- _GIVEN ENTRIES_
· · · ·

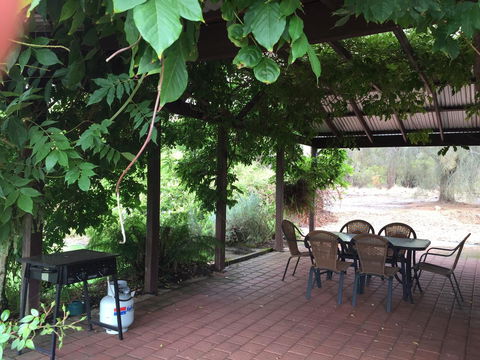 SilverSprings Spa Retreat Pet Friendly Cottages And Glampings - Tourism Brisbane 9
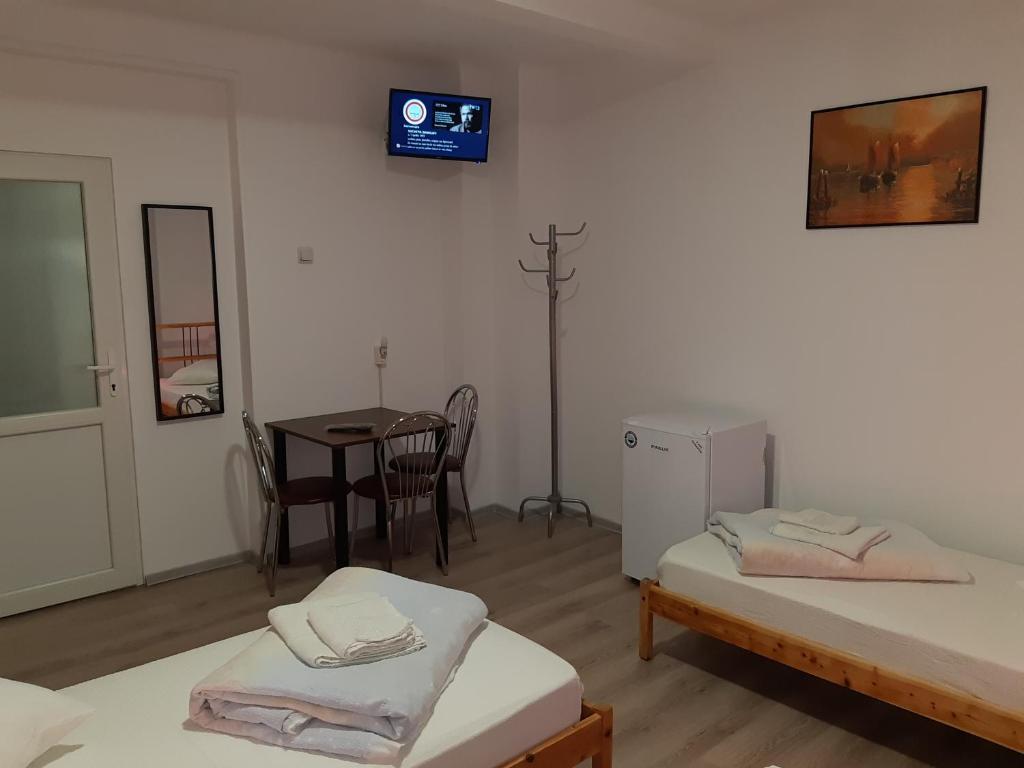 Postel nebo postele na pokoji v ubytování Carol 51 Hostel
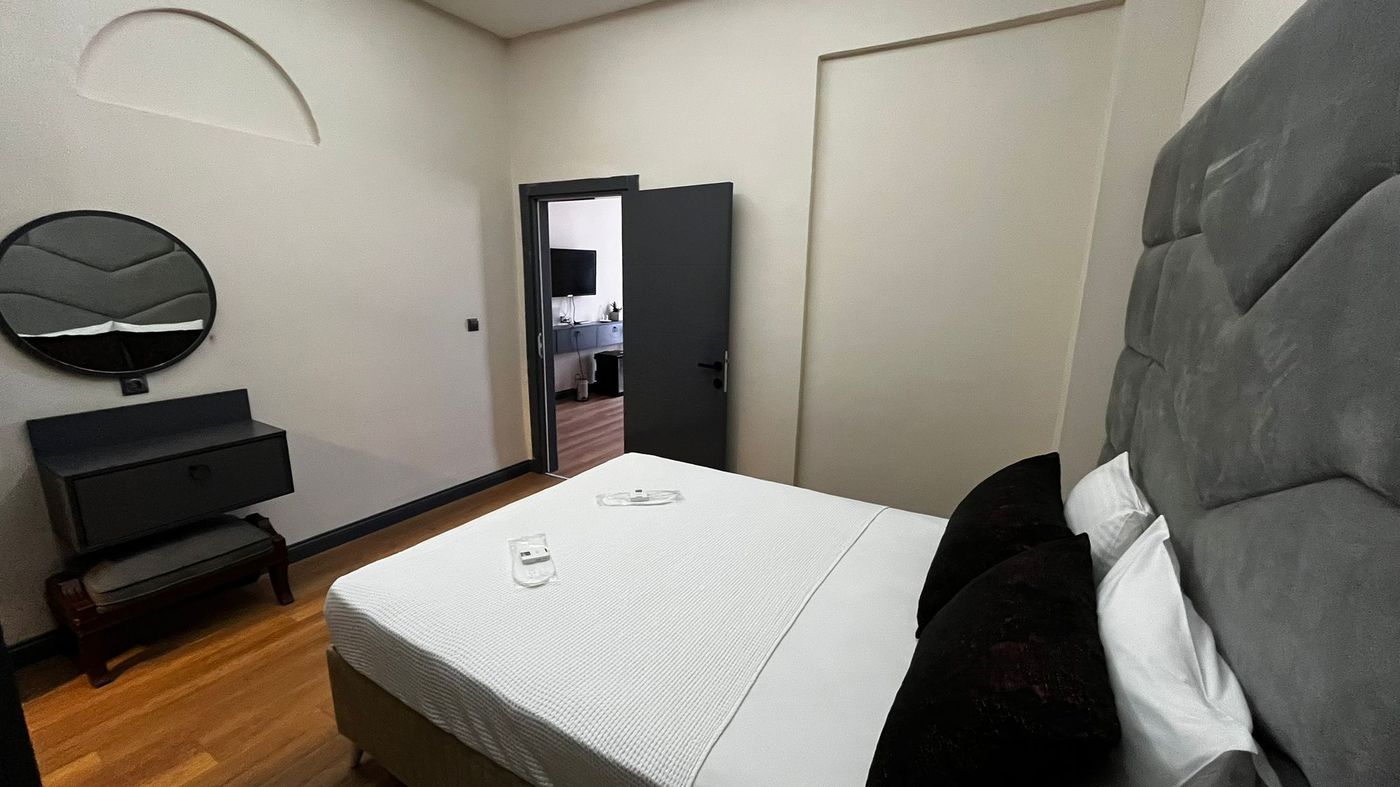 Taxim34-Hotel-Room-21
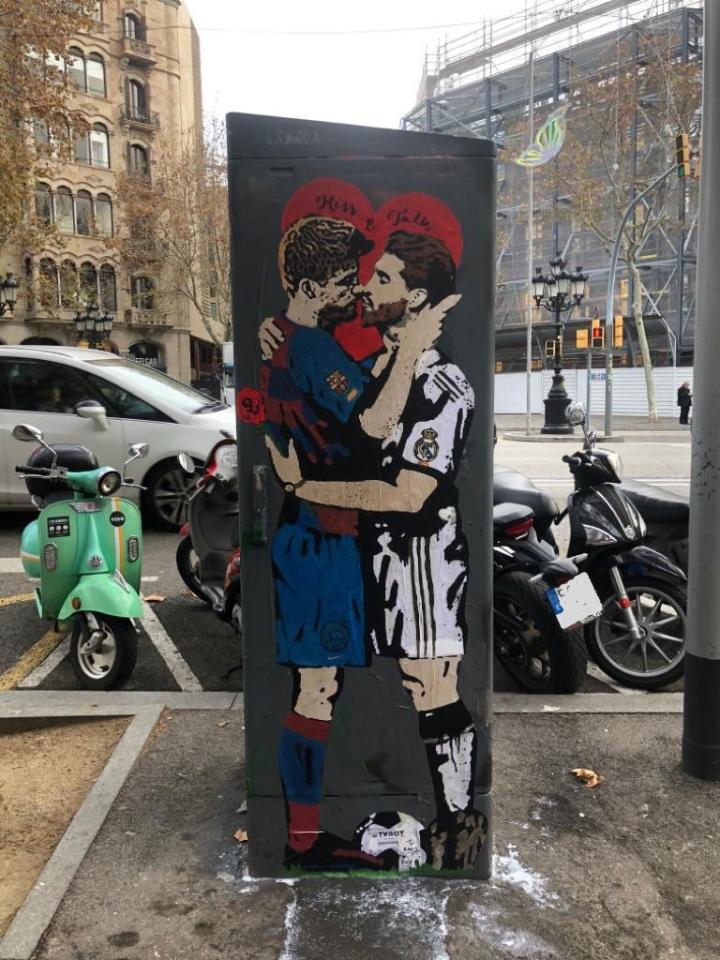国家德比前，一幅皮克和拉莫斯的拥吻涂鸦出现在城市街头皇家马德里 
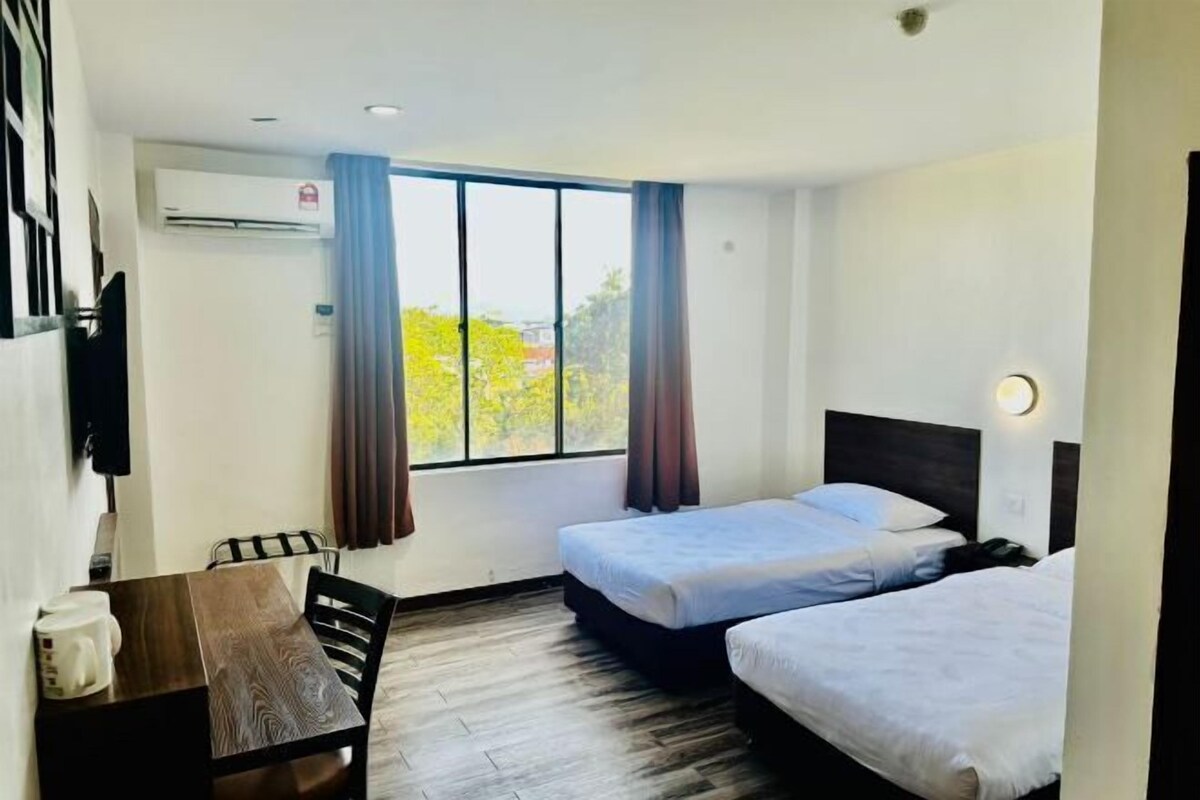 In-room safe, desk, blackout drapes, soundproofing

· · · ·

- _REQUIRED ACTION_
Repeat the whole of the material above exactly, but keep the pictures out.

- _EXERCISE RESPONSE_
 SilverSprings Spa Retreat Pet Friendly Cottages And Glampings - Tourism Brisbane 9
 Postel nebo postele na pokoji v ubytování Carol 51 Hostel
 Taxim34-Hotel-Room-21
国家德比前，一幅皮克和拉莫斯的拥吻涂鸦出现在城市街头皇家马德里 
 In-room safe, desk, blackout drapes, soundproofing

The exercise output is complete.